I had been interested in henna for a long time, and it seemed perfect for my hair. A strengthening coat on top of the shaft that enhances reds. The permanent nature of henna didn't scare me; I had been a redhead for a long time and believed that I intended to be one until I cut all my hair off. I chose Light Mountain brand and dove in. My hair looked and felt great.
The thing is, my hair got long. Way long. I hadn't had a haircut since my wedding, and I was very happy with how Shea Moisture (my shampoo/conditioner/everything of choice) was treating my hair. And I was a little, well, bored of my color. I hadn't henna'd my hair for several months (about four inches), but I knew that henna was widely regarded as permanent and impossible or even dangerous to dye over.
Many hairstylists will not dye over henna because of horror stories of hair falling out or turning green because of reactions between the metallic salts some manufacturers use to alter the red shade henna comes in. Even if you promise the henna you used did not have that in it, they will refuse (with good reason-- people are liars, and sometimes people are just wrong.)
I was sure that the henna I had used was good quality, pure henna, so I decided to take a risk and attempt to dye a streak of my hair pink.
This would require "removing" the henna, bleaching my natural color, and then dyeing my hair. Reading online there were lots of recommendations of color oops to shrink the dye molecules of henna, and then to bleach afterwards.
In my experience, color oops does NOTHING to henna. It makes your hair smell awful and does nothing to "shrink the dye molecules." If you read the instructions on color oops, it makes it very clear that it is not for natural permanent dyes, it is for artificial dyes only.
The only thing that had any effect on henna was bleach. Unfortunately the bleach also had effects on my hair texture and health, but more on that later.
For my streak I used color oops, manic panic's bleach kit, and manic panic in cotton candy pink.

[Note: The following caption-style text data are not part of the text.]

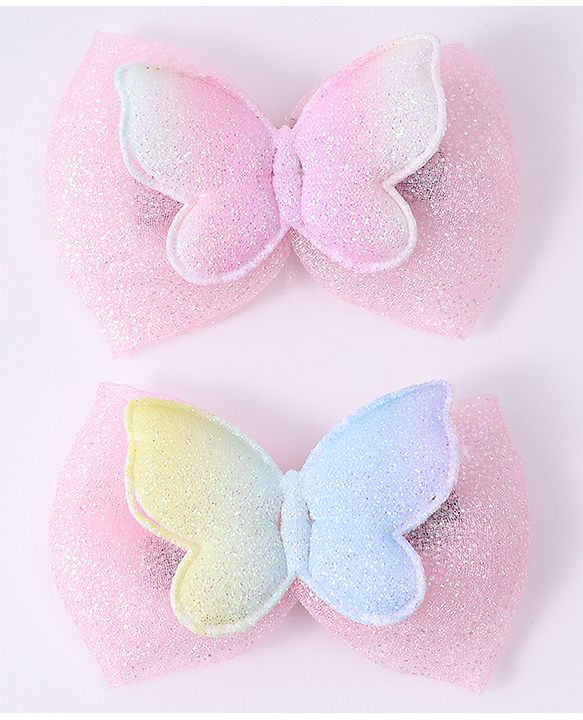 Babyhug Bow & Butterfly Hair Clips - Light Pink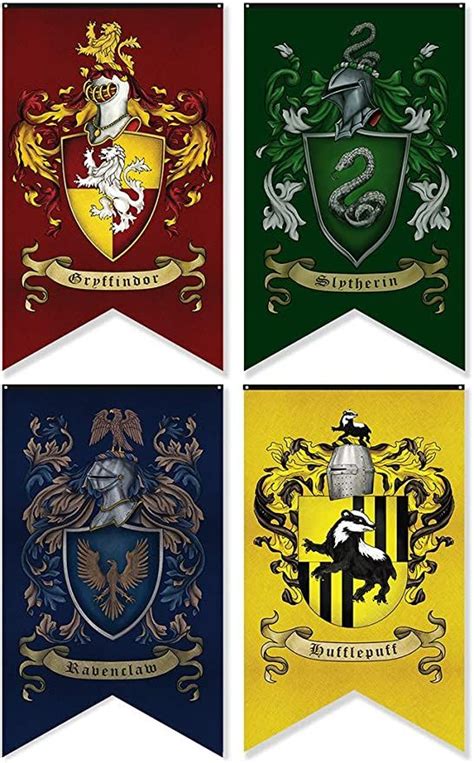 Harry Potter Printable Hogwarts House Crest Banners Casas Do Harry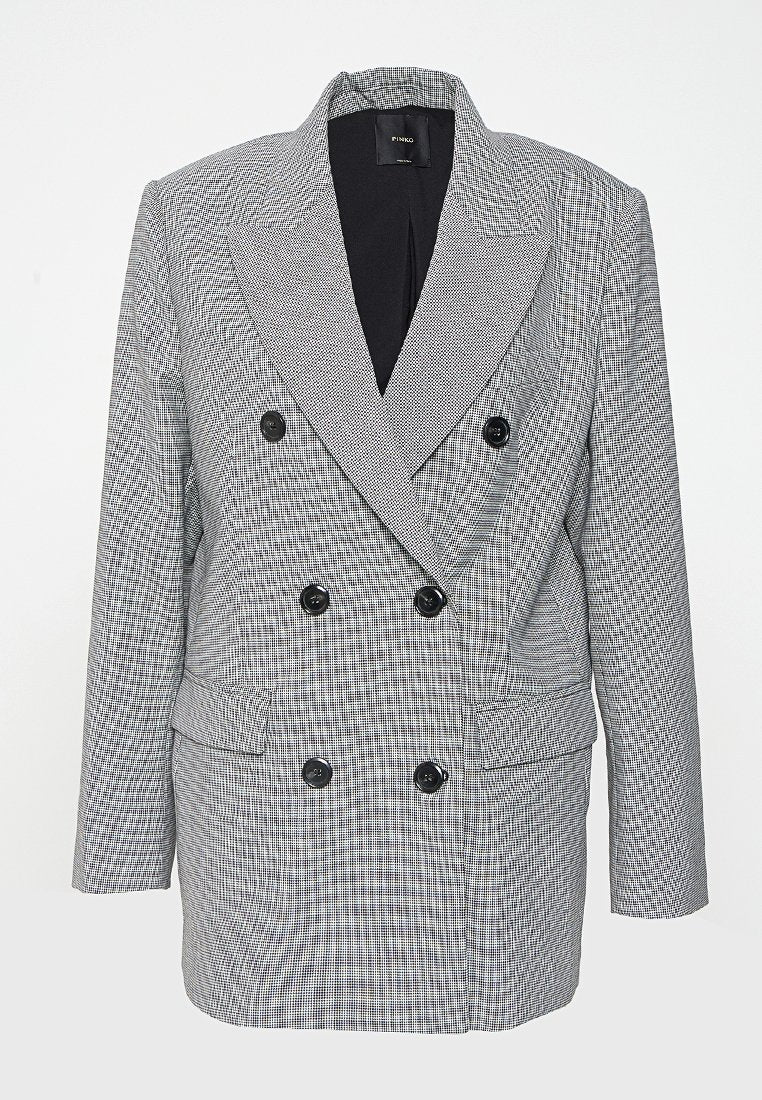 Doppelt gehäuften Blazer im schwarz-weißen Karo-Muster, mit großen Revers, vier Knöpfen und zwei vorderen Taschen. Strukturiertem Stoff.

The color came out great where there was no henna (The top of my bangs) but the streak going through my braid was more of an orangey-red than pink. Once the manic panic faded, as manic panic is wont to do, I went ahead and bleached the streak again, this time finishing with Wella's T18 (Also known as White Lady or Lightest Ash Blonde) toner to get it as white as possible.
This worked out rather nicely, and I had discovered the rather inelegant secret to making henna disappear: bleach the hell out of it.
So after my streak had grown out a bit, I made a decision. I wanted pink hair, and I was determined to get it. Somewhere around that decision I was fantasizing about undercuts, and I decided I was gonna get that too.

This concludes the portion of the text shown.